A record 82 companies, raising HK$81.7 billion, were brought to themarket in 1997, substantially higher than the 49 new listings seen in 1996 which raised about HK$20.68 billion.Among the 82 new listings in 1997, 16 were H-shares -- which absorbed HK$32.04 billion -- and 11 were Hong Kong-based China-backed red chip companies, which raised HK$39.56 billion.
H-share and red chip listings together took up 88 per cent of the total capital raised by new listings in 1997.
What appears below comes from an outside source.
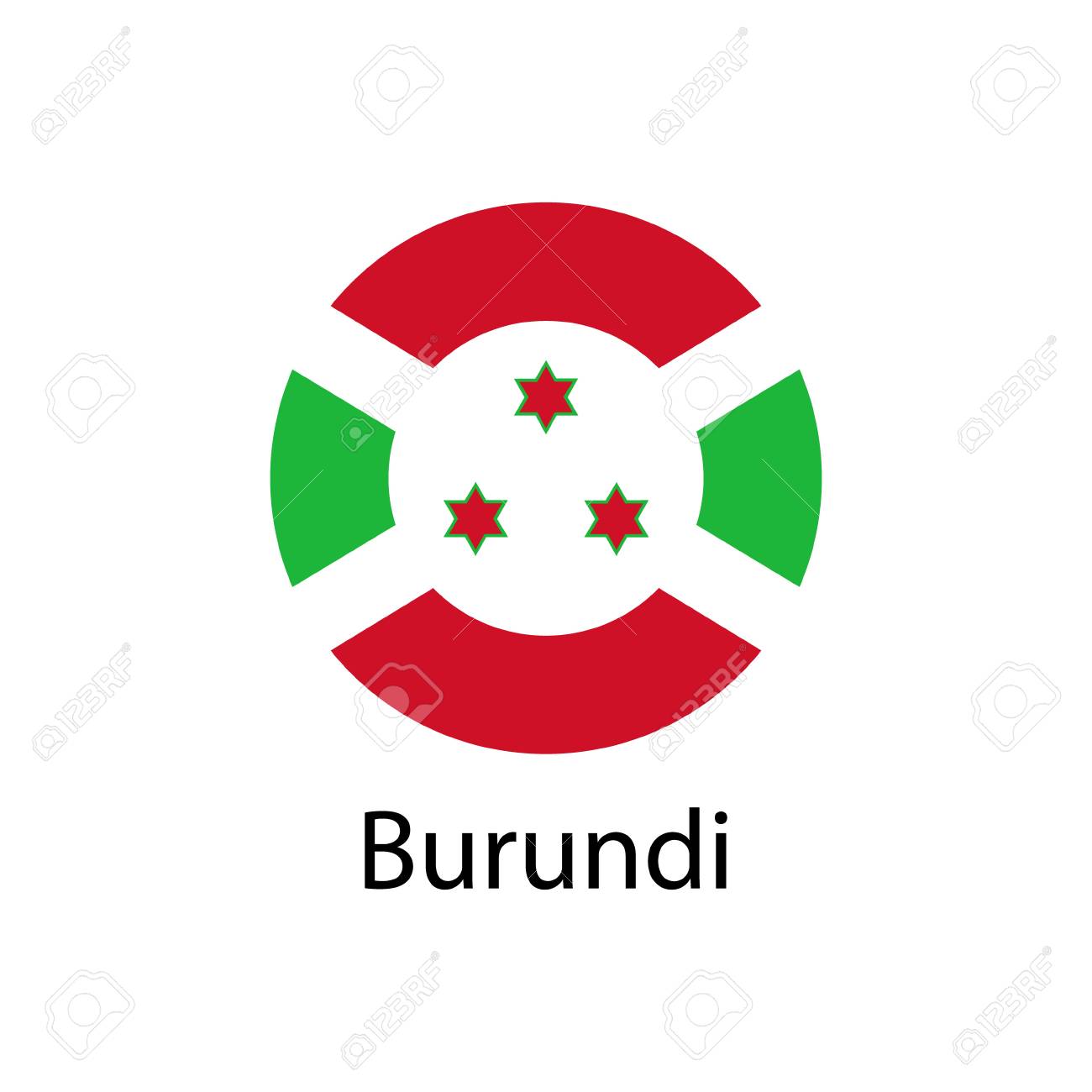 The Flag Of Burundi In The Form Of A Circle And The Name Of The ...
John Mack, president and chief operating officer of Morgan Stanley Dean Witter, said H-share IPOs might increase if the market improves in the second half of this year."It all depends on the market, what happens in the market.
"Analysts said listing candidates were reluctant to price their shares at too low a level, but investment banks were demanding lower prices to rouse market interest. This would push some companies to delay their H-share listings, analysts said.
"Investment banks will be quite cautious and will be very careful in selecting suitable listing candidates, taking into consideration therisk in underwriting new issues in the current environment," said Raymond Jook, head of China research of SocGen-Crosby Securities.
But analysts said market sentiment could improve later this year after China details its economic reform policies. In the run up to US president Bill Clinton's June visit to China, investor focus was likely to shift back to China, they said.
"I think there will be much more of a focus on the China market at that time," said Taylor.
Improved sentiment should allow more H-share listings in the second half of the year than in the first half.
There are currently 41 H-shares listed on the Hong Kong stock exchange.
"Will the market be open for any H-shares to come to the market in the second half this year? I think the answer is no. But will the better quality ones be able to come? I think yes," Taylor said.
"There will be windows during that time when maybe six to eight deals can get up. And it has got to be the better and more interesting companies, much more selective,"he added.
China International Capital Corp Ltd (CICC), which led Hong Kong's largest ever initial public offering -- China Telecom (Hong Kong) Ltd -- last October, said it would be actively involved in the restructuring of China's state-owned sector, which includes the public listing of companies.
"Basically we are focusing on telecom, the energy sector, power sector," said Mack.